Zohran Mamdani’s plans will seriously hurt New York, despite being superficially attractive. Mamdani has stridently opposed constructing new market-rate homes, preferring instead to build a smaller number of government-subsidized apartments at huge taxpayer cost. His signature transit proposal—fare‑free buses—would strip $650 million annually from the MTA, likely forcing less frequent service and greater crowding, rather than improving speed, reliability, or safety.
In addition to these recommendations, The City newspaper has a great quiz to help identify the mayoral candidates who most closely align with your preferences.
Comptroller
The comptroller is New York City’s chief financial watchdog: they audit every agency, sign off on contracts, and manage the city’s pension funds. When they do their job well, your tax dollars stretch further, waste is exposed, and the mayor’s policies face an independent, data‑driven check.
#1. Mark Levine is my clear top candidate for comptroller because of his record supporting housing construction, and his clever financing ideas to build even more. He’s been a champion of policies that keep New York moving, like congestion pricing, bus lanes, and accessibility upgrades. He is currently Manhattan’s Borough President. Levine previously served in the City Council, as a public school teacher, and as the founder of a neighborhood credit union.
#2. Justin Brannan is a distant second choice for comptroller. He’s an experienced chair of the City Council’s finance committee, and he knows city government well. Brannan supported City of Yes reforms to build more homes, but he exempted his own low-density Brooklyn neighborhood from these upzonings. If for whatever reason Mark Levine doesn’t win, Justin Brannan would make a fine comptroller.

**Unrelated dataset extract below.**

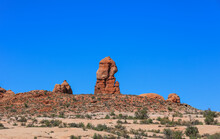 Tall Rock Formation Against Blue Sky In Arches National Park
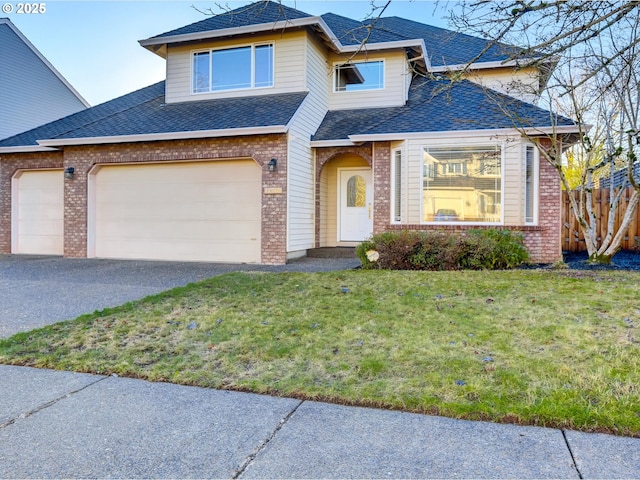 traditional-style home featuring aphalt driveway, fence, a front yard, a shingled roof, and brick siding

To dive deeper into the race for comptroller, I suggest watching the excellent debate between Levine and Brannan hosted by the New York Law School in March.
Borough President
Each of New York’s five boroughs has a president. They advocate for borough-wide needs and influence how the borough’s land gets used.
Manhattan Borough President
#1. Keith Powers is my clear favorite for Manhattan Borough President because of his track record on housing. He was a key player in passing the City of Yes housing reforms, enabling office-to-residential conversions, and building more homes in Midtown Manhattan. He’s supported expanding bus lanes, outdoor dining, and cleaning up sidewalk scaffolding. Powers currently represents much of Manhattan’s East Side in the City Council, and I hosted a fundraiser for him last year.
#2. Brad Hoylman-Sigal is a distant second choice for Manhattan Borough President. He’s a credible State Senator who has led the charge on a variety of health, LGBT, and tenant rights issues (among others). He has a much weaker track record than Powers on building more homes, but nevertheless Hoylman-Sigal would be an adequate alternative if needed.
Brooklyn Borough President
#1. Antonio Reynoso is my favorite to be re-elected as Brooklyn’s Borough President. He’s taken concrete action to lower the cost of living, by supporting the passage of the City of Yes reforms.
No credible challenger is on the ballot, so I recommend only ranking Reynoso.
City Council
Only a handful of New York’s 51 city council districts have competitive races this year. You can see which district you’re in using this map.
I’m giving recommendations for Manhattan’s districts 1 and 4. Elsewhere, I suggest following the endorsements by Open New York and Abundance New York.
City Council District 1 (Lower Manhattan, map)
#1. Jess Coleman is my top recommendation for District 1. He supports building more homes, having better transit, and a generally abundance-minded vision of New York’s future. He’s trying to unseat an incumbent, Christopher Marte, who has stridently opposed legalizing construction of more homes, opposed congestion pricing, and opposed outdoor dining.
#2. Elizabeth Lewinsohn is my distant second-place choice. She is more tepid than Coleman on opportunities to reduce the cost of living, but appears to be far better than Marte.
City Council District 4 (Manhattan’s East Side, map)
I live in District 4, so I’ve been paying especially close attention to this race, which has five well-funded, serious candidates. I’ve also run an opinion poll of the race, which showed that a huge portion of likely voters remain undecided.
#1. Ben Wetzler and #2 Virginia Maloney are my clear favorite candidates for District 4. In my discussions with them, they both embrace building more homes as a key solution to making New York a more affordable place to live. They have rigorous, analytical approaches to evaluating problems and solutions. I especially like Wetzler’s detailed and pragmatic plans on housing and public safety.
#3. Rachel Storch is another experienced candidate who acknowledges the importance of building more homes and has reasonable positions on other safety, and education. I haven’t seen her say anything about transit policy.
#4. Vanessa Aronson identifies the cost of living as a major issue, and housing costs as a big part of that. She seems better prepared than the final candidate, Faith Bondy, who doesn’t currently mention housing, land use, or transportation on her campaign website.
How to vote
Make sure you’re registered to vote at your current home address. Then, either vote by mail (everyone’s eligible!) or find your in-person voting location. In-person early voting is available from June 14th to 22nd, and election day is June 24th.
Let’s go elect a great slate of officials, and build towards an even greater New York.
> a budget larger than 48 states
wow, TIL!
Cuomo and Mamdani are polling in first and second, respectively, with a large gap to third. Could you elaborate on your decision to leave #5 blank?